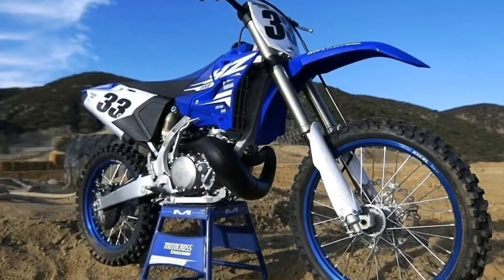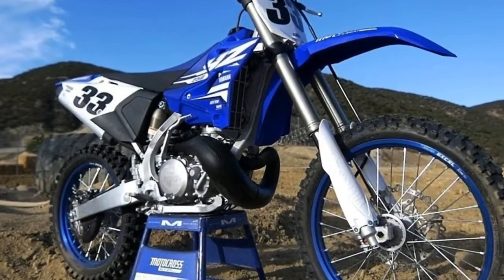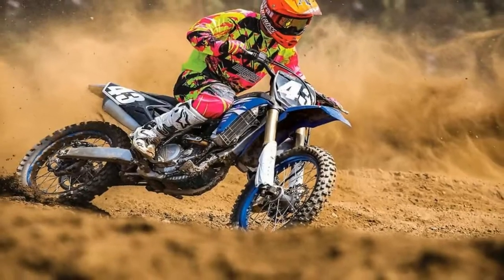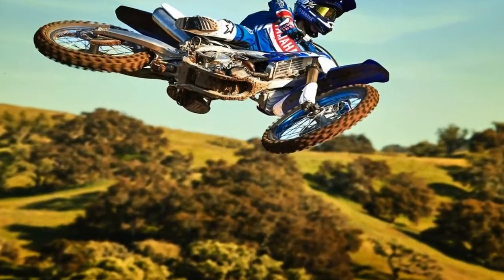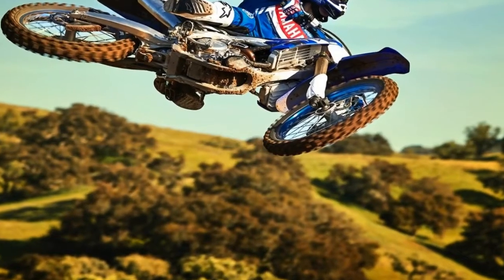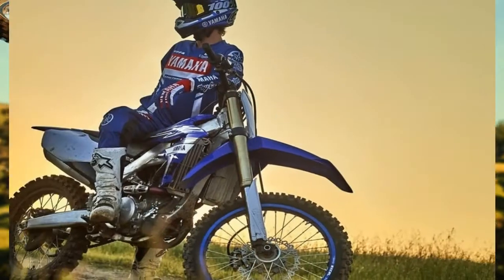For 2019, Yamaha has refined its distinct rearward slanted cylinder design for the engine, using a compact starter motor and lightweight lithium-ion battery. The 2019 YZ250F is now equipped with electric start.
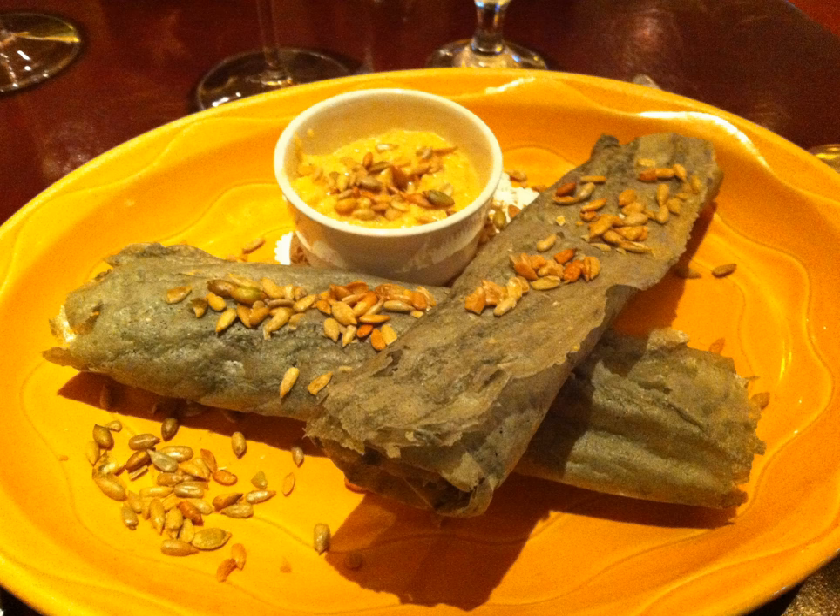Piki bread bakes almost instantaneously and is peeled from the rock in sheets so thin they are translucent. Several sheets of the bread are often rolled up loosely into flattened scrolls. Piki takes several days to make from scratch.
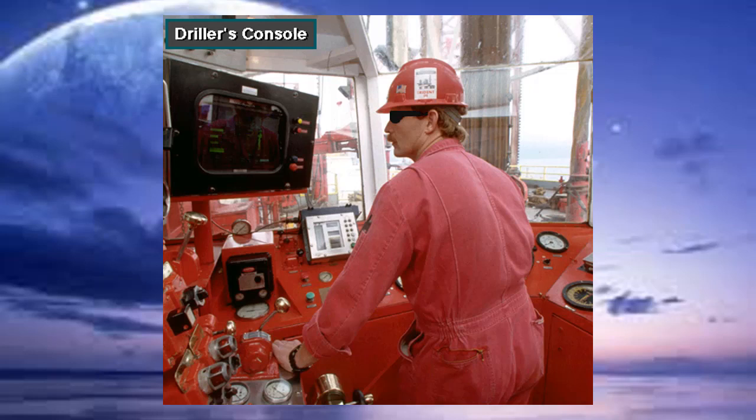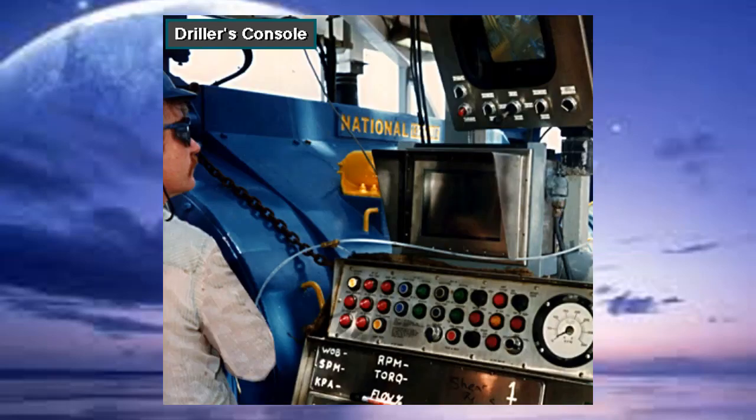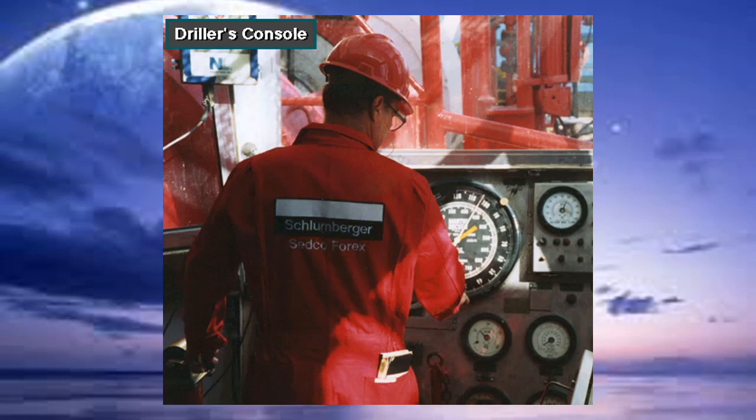The driller controls the rig's operations from a console. The console is usually on the rig floor, either in the open next to the drawworks, or on the latest rigs in a control house on the floor.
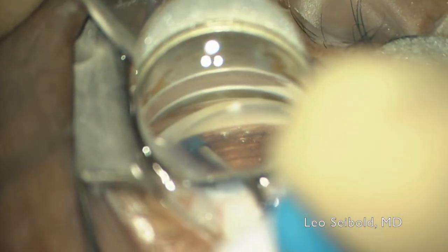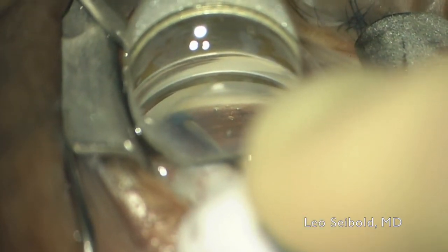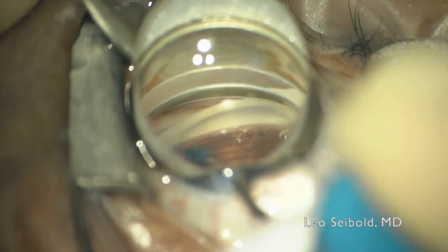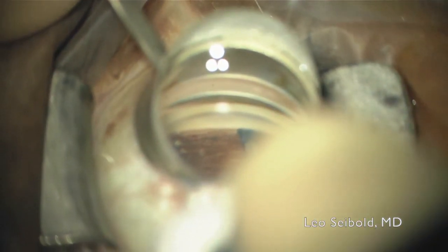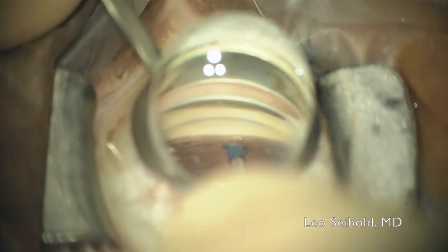I then can go to the side and perform another precision goniotomy and canaloplasty to the left of it and again to the right as well. The other nice thing about this is that doing this after the OVD injection helps to lift the TM and keep the incision well away from that anterior wall of the canal and prevent any collateral damage. The blue sleeve also is a nice guide to help keep you directed along the TM when you're sweeping left to right.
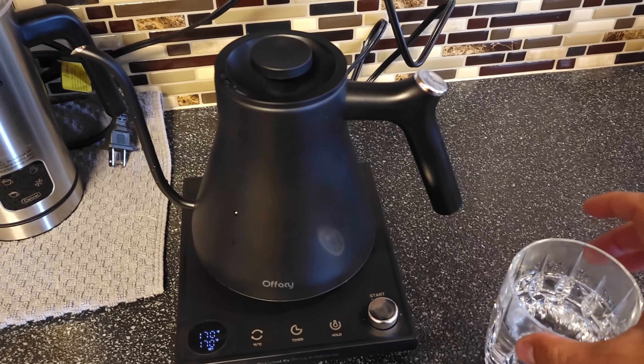Look at that, you can see the water steaming right here. Yeah, it seems to be a really nice fancy kettle. It holds a decent amount of water in there. Thank you so much for watching my friends. You have a great day.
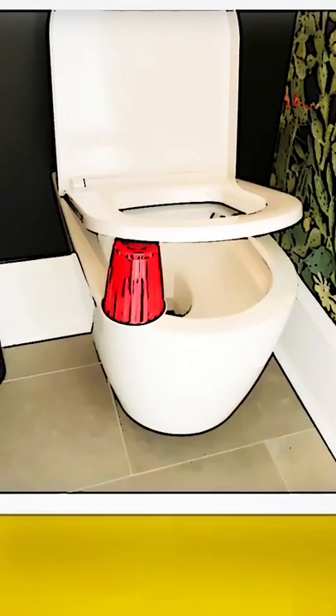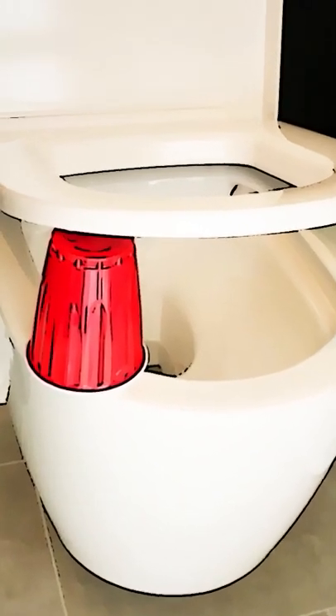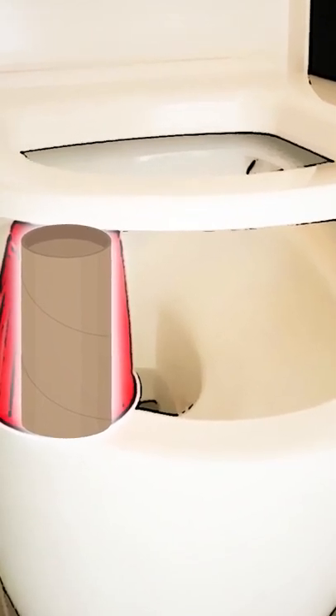If you enter a public restroom and see a red Solo cup someone put under the seat, better choose another booth — it means there's no toilet paper in this one. The red cup is a frequent replacement for a toilet paper hub, which is also put under the seat for the same reason.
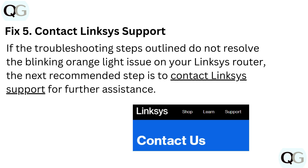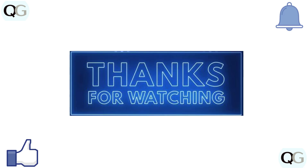Fix 5: Contact Linksys support. If the troubleshooting steps outlined do not resolve the blinking orange light issue on your Linksys router, the next recommended step is to contact Linksys support for further assistance. Thanks for watching — subscribe for more videos.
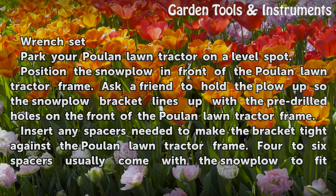Park your Poulan Lawn Tractor on a level spot. Position the snow plow in front of the Poulan Lawn Tractor frame. Ask a friend to hold the plow up so the snow plow bracket lines up with the pre-drilled holes on the front of the Poulan Lawn Tractor frame.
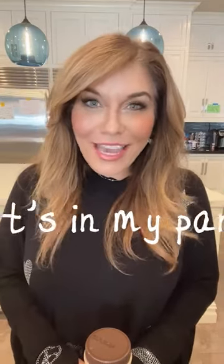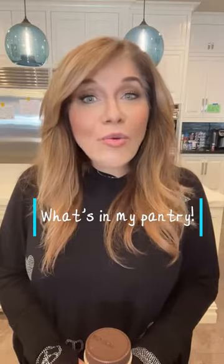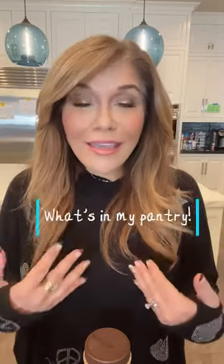Hey there, it's me, Lisa Lillian, and you guessed it — once again I am back with something I always have in my kitchen pantry. This time around, it is powdered peanut butter.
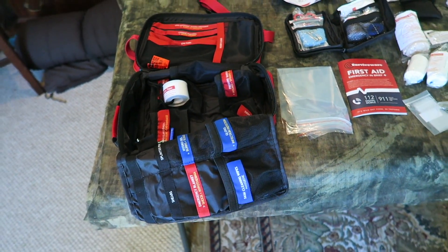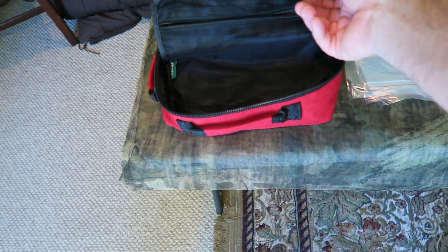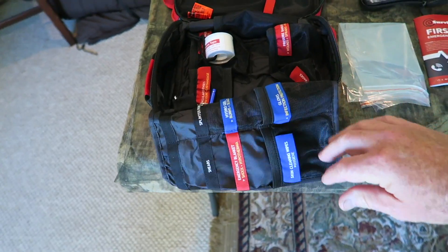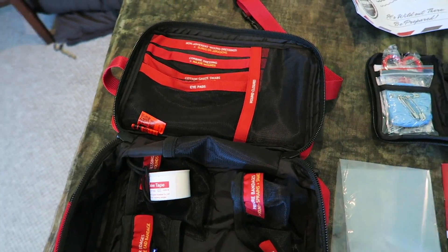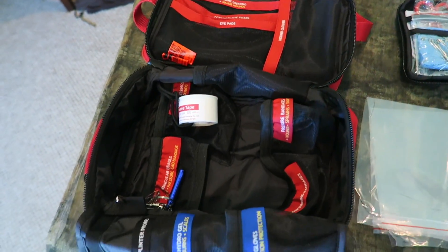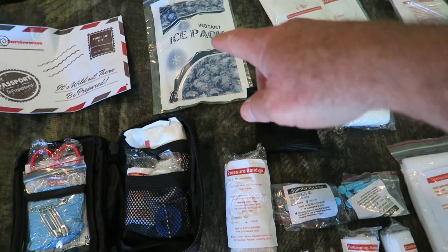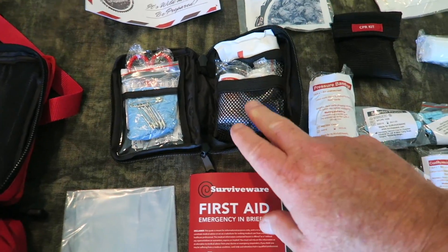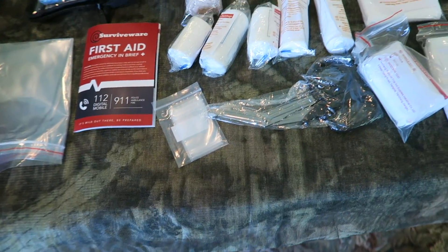There's so much stuff inside that kit, I didn't know if I was going to stop pulling stuff out. There are hidden compartments, zipper bags — there is just an amazing amount of stuff inside this first aid kit. Too much for me to mention. I'll just kind of sweep the camera over it. There's even an ice pack, and they even have a mini first aid kit inside of the big kit. You name it, they've got it.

▶ **Instructions to follow**
The reply should contain all of the data above, word for word, with no pictures.

▶ **Task result**
For 2019, Yamaha has refined its distinct rearward slanted cylinder design for the engine, using a compact starter motor and lightweight lithium-ion battery. The 2019 YZ250F is now equipped with electric start.
Piki bread bakes almost instantaneously and is peeled from the rock in sheets so thin they are translucent. Several sheets of the bread are often rolled up loosely into flattened scrolls. Piki takes several days to make from scratch.
The driller controls the rig's operations from a console. The console is usually on the rig floor, either in the open next to the drawworks, or on the latest rigs in a control house on the floor.
I then can go to the side and perform another precision goniotomy and canaloplasty to the left of it and again to the right as well. The other nice thing about this is that doing this after the OVD injection helps to lift the TM and keep the incision well away from that anterior wall of the canal and prevent any collateral damage. The blue sleeve also is a nice guide to help keep you directed along the TM when you're sweeping left to right.
Look at that, you can see the water steaming right here. Yeah, it seems to be a really nice fancy kettle. It holds a decent amount of water in there. Thank you so much for watching my friends. You have a great day.
If you enter a public restroom and see a red Solo cup someone put under the seat, better choose another booth — it means there's no toilet paper in this one. The red cup is a frequent replacement for a toilet paper hub, which is also put under the seat for the same reason.
Fix 5: Contact Linksys support. If the troubleshooting steps outlined do not resolve the blinking orange light issue on your Linksys router, the next recommended step is to contact Linksys support for further assistance. Thanks for watching — subscribe for more videos.
Park your Poulan Lawn Tractor on a level spot. Position the snow plow in front of the Poulan Lawn Tractor frame. Ask a friend to hold the plow up so the snow plow bracket lines up with the pre-drilled holes on the front of the Poulan Lawn Tractor frame.
Hey there, it's me, Lisa Lillian, and you guessed it — once again I am back with something I always have in my kitchen pantry. This time around, it is powdered peanut butter.
There's so much stuff inside that kit, I didn't know if I was going to stop pulling stuff out. There are hidden compartments, zipper bags — there is just an amazing amount of stuff inside this first aid kit. Too much for me to mention. I'll just kind of sweep the camera over it. There's even an ice pack, and they even have a mini first aid kit inside of the big kit. You name it, they've got it.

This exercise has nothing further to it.